Para alcanzar su meta, la UCR debió ser cuidadosa y paciente, puesto que las labores de recuperación requieren actuar con toda cautela, sobre todo en las condiciones de Minerva; de lo contrario, corren el riesgo de dañar irremediablemente los objetos. Tomando en cuenta estas precauciones, comenzó revisando con atención la estructura de la diosa. La UCR descubrió, con gran sorpresa, que varias secciones de su relieve se hallaban casi suspendidas en el aire, pues presentaban una separación de unos quince centímetros del muro sin aplanar, lo cual podía provocar su colapso. Para evitar tamaño infortunio, recurrió a sus primeros pases mágicos y emprendió un trabajo de consolidación, consistente en desmontar los antiguos materiales de relleno –que diseminaban humedad y disolvían la piedra original– y sustituirlos por una mezcla ligera de cal apagada y arena con tepojal. Además, retiró los fragmentos desprendidos –entre ellos, el torso de la diosa–, corrigió el desfase entre éstos y el resto de la escultura y, valiéndose de grapas de acero inoxidable, reparó las fracturas. Por último, resanó las cicatrices y restableció la tersura de la piel y los vestidos de Minerva; asimismo, su cuerpo volvió a quedar unido.

Paralelamente, la UCR vertió pócimas químicas sobre la pintura, el yeso y el cemento; así, poco a poco, con ayuda de instrumentos mecánicos, develó la auténtica –e insospechada– hermosura de los rasgos y colores de Minerva. Al final, después de tres largos meses de ardua labor, consiguió devolverla, ligera y fija, al reposo de su muro, detenida en un instante entre el presente y el futuro, entre la tierra y el cielo, entre la inspiración de la sabiduría y el deslumbramiento del arte. Oscilante entre diosa y princesa, la dejó dispuesta a conquistar los ojos de innumerables príncipes azules. Gracias a su esfuerzo, hoy podemos contemplarla y, por un momento, imaginarnos una conversación o un baile con ella, enamorarnos de su figura rejuvenecida y de las ideas que representa: la fecundidad del pensamiento humano, nuestra capacidad de alcanzar, provistos de su impulso, a los dioses.

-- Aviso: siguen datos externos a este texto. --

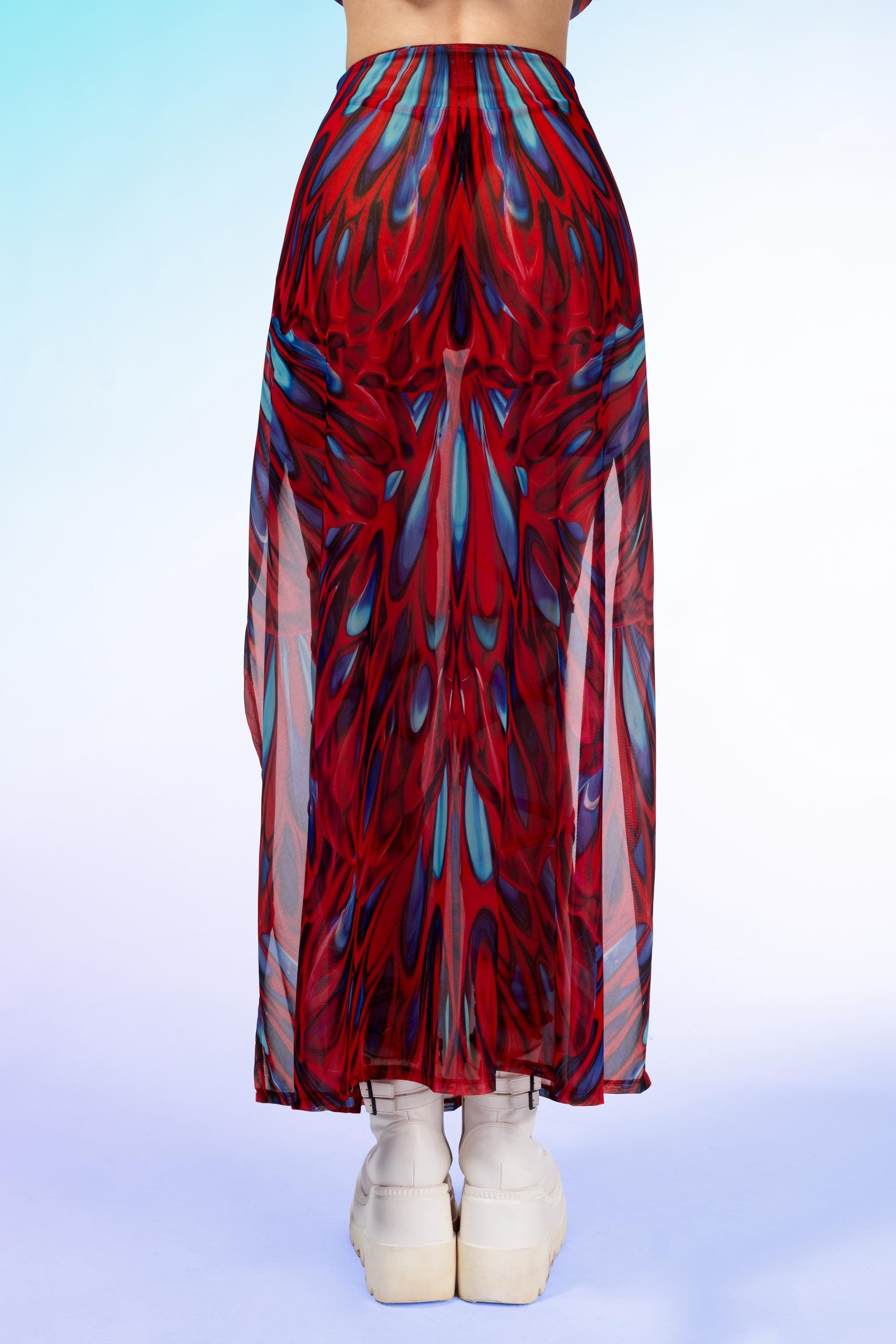 Won't Bite Mesh Duster Skirt 2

Mientras tanto, el hada madrina, orgullosa, resplandece con una amplia sonrisa de satisfacción; y es que, a pesar de su larga experiencia renovando los atavíos de las diosas y princesas, aprendió, a lo largo del proceso, nuevos hechizos. También, por otra parte, recomendó nuevos cuidados: proteger a Minerva tras un panel de cristal, para defenderla de los tristes estragos de la Tierra y prolongar la magia de su legado.